Saiba. Mais que ela, eu caminho com você. Eu vejo você. Somos mais que uma!
Mataram
uma de nós. Tantas de nós.
Quis
te escrever, minha irmã, porque sei que você está cansada... Sei que aí na sua
garganta tem um grito preso que não se solta se você gritar... Sei que você
está exausta... Sei que seu peito aperta como se alguém espremesse sua alma. E
sei, minha irmã, que você sabe, que mesmo tendo tanto incômodo morando no
corpo, você não pode desistir... Eu sei... Nem esse direito existe para nós...

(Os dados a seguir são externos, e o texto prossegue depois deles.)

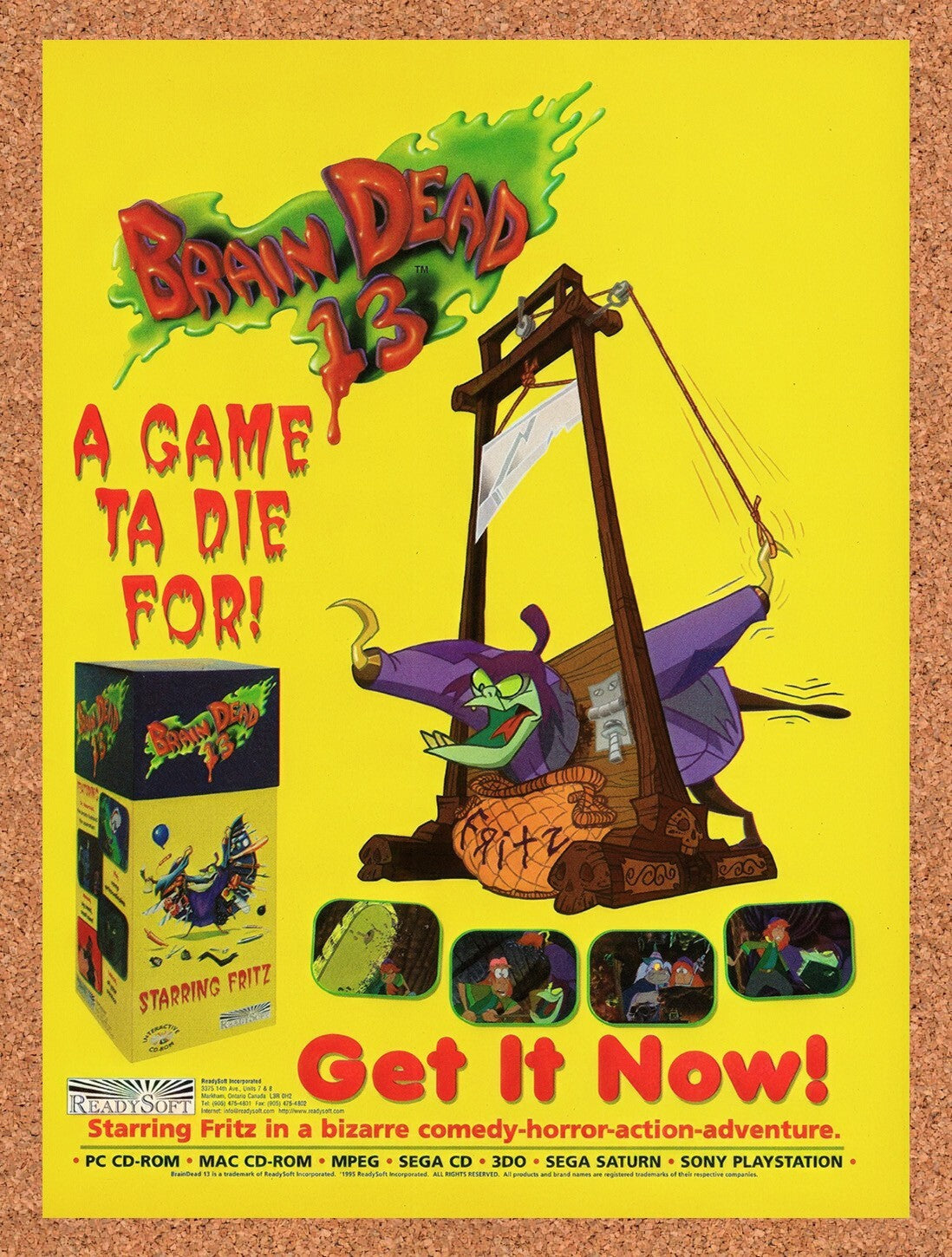 1995 Brain Dead 13 PC Original Ad v7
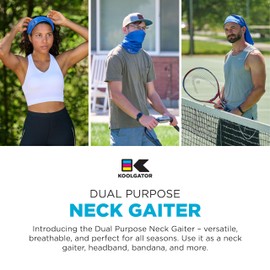 KOOLGATOR SPF 50 Cooling Neck Gaiter for Men, Women & Kids - Cooling Face Mask, Ideal for Hiking, Outdoors, and Winter Sports, Navy Blue, 3 Pack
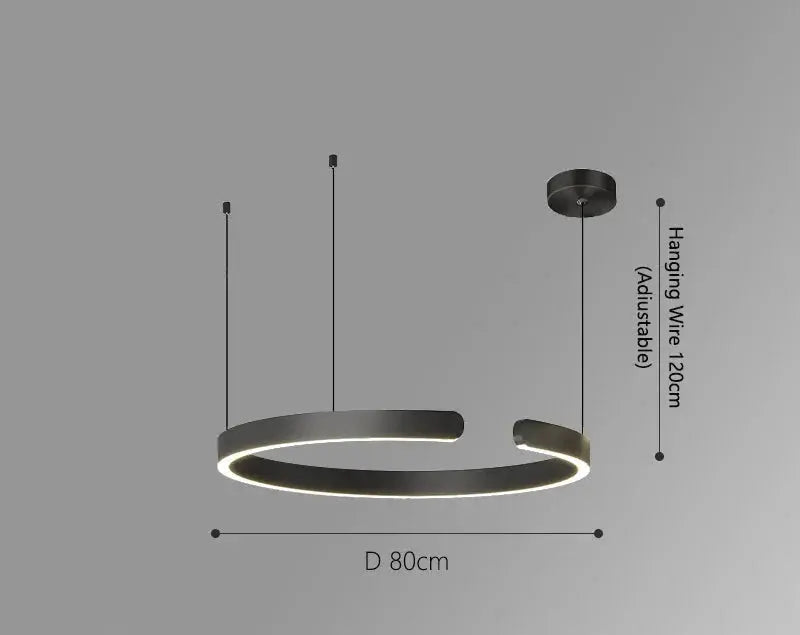 Alberte – Modern Luxury C-Ring Dimmable LED Pendant Lamp Kozyled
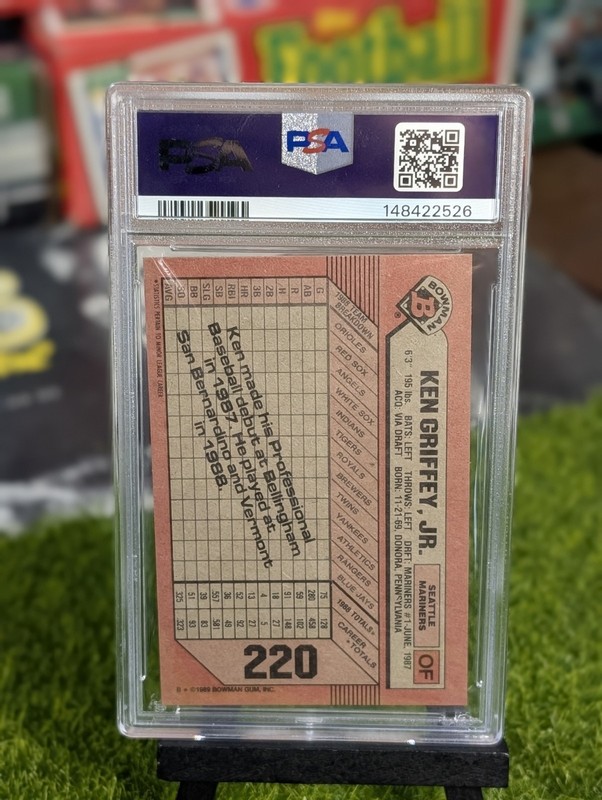 1989 Bowman #220 – Ken Griffey Jr. RC – Seattle Mariners – HOF – PSA 9 MINT view 2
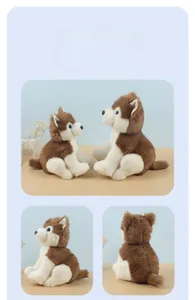 Detail showing two sizes of brown husky plush toys with blue eyes and soft faux fur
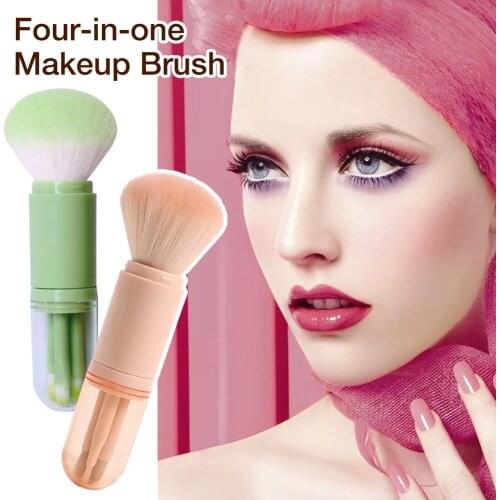 Four-in-one Makeup Brush Set Retractable Portable Makeup Brushes Makeup Brush Adopts a Lightweight and Compact Design
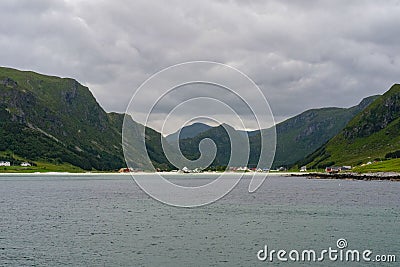 Beautiful view of a Refviksanden Beach with a houses seen behind Stock Photo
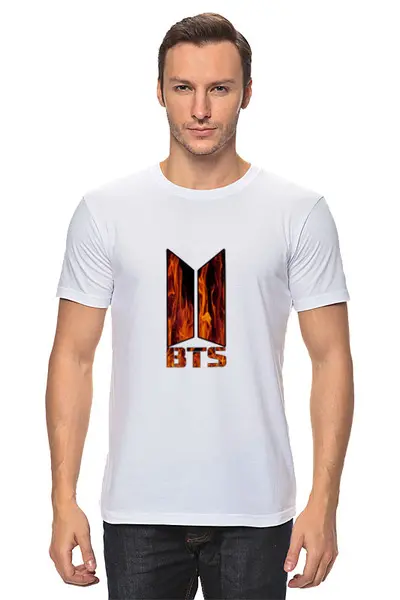 Заказать мужскую футболку в Москве. Футболка классическая Группа BTS от THE_NISE  - готовые дизайны и нанесение принтов.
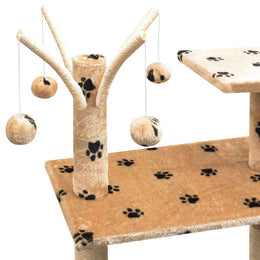 vidaXL Katzen-Kratzbaum 125 cm Beige mit Pfoten-Aufdruck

Ser mulher preta é ter pela vida à fora a imposição da luta... Você não luta
apenas porque escolheu lutar, irmã. Você luta porque do contrário não lhe
permitem viver...
Mataram
uma de nós. Tantas de nós.
Vamos
morrendo sem que percebam que ser mulher preta é mais motivo para ser morta... Nem
gostam que a gente fale isso. Na verdade, não gostam de nossa voz e nem do que
temos a dizer... Nos mataram. Dessa vez, irmã, foi numa emboscada... No corpo
de Marielle atiraram em nós nove vezes... Miraram nossa cabeça, irmã, ali onde,
na nossa tradição, está o centro da vida. O Ori... Tiraram Marielle de nós e
tiraram, de novo, nós de nós mesmas... Nos tiram. Sem cessar. Nos roubam. Nos
agridem. E nos querem caladas. A qualquer custo. Mesmo com o custo da vida...
Nossa vida não lhes vale.
Não
nos deram avisos, irmã... Nem isso merecemos. Sem ameaças. Sem suspeitas. Só a
morte para calar. A morte para silenciar a ousadia, a coragem e a força.... Sim,
irmã! Somos temidas por, corajosamente, ousar nossa força de sonhar e plantar
esperanças entre nós e para além de cada uma! Semeaduras de resistência à cada
passo desse longo caminho que cada vez mais se estende ao longe.
Mataram
uma de nós. Tantas de nós.
Mataram
como um recado: Cale-se, favela! Cale-se. periferia! Cale-se, gente preta!
Calem-se
ela! Calem-se todas! Calem-se! Cale-se, democracia! Apenas, cale-se.
Eu
conheço sua voz, irmã! Conheço seu grito de fibra... E sei... Tanto grito cansa
o existir... Eu sei.
E
te escrevo, minha irmã, porque juntas não morremos! Ao longe vamos todas! Quero te dizer: nossa dor não tem fim próximo, mas, ao seu lado, eu posso
cuidar melhor do tanto que me dói. Nós juntas. Doemos pelo caminho.
Dói
em todas. Dói pra todas. Dói...
Mataram
uma de nós. Tantas de nós.
Quero
te abraçar, irmã... Um abraço que te acolha da tristeza, um abraço que te seque
o pranto, um abraço que lhe devolva o ar num respiro profundo... Mataram uma de
nós... Tantas de nós... Tantas de nós que na voz de Marielle viram o sonho... É
possível! Ela somos todas! Mataram Marielle. Tentaram nos matar todas!
Eu
sei que você está exaurida, irmã... Eu sei... E olho para seu pé de tantos
caminhos e nele vejo muitos de nossos pés repletos de passos. Muitos passos. Esses
mesmo, irmã... Vieram de longe... Vão ao longe!
Quero
que sigas, irmã! É o seu único modo de permanecer viva... Mesmo diante da morte
de uma de nós. Tantas de nós. Siga, minha irmã... Você não vai só! Em cada um
de nossos corpos inscreve-se a força de cada uma de nós. Tantas de nós.
Eu
sei, irmã, eu sei como você se sente... Eu sei... Sei porque você, irmã, sou
eu.
Eu.
Marielle. As mães de Acari. Cláudia...
Cada
uma de nós. Tantas de nós.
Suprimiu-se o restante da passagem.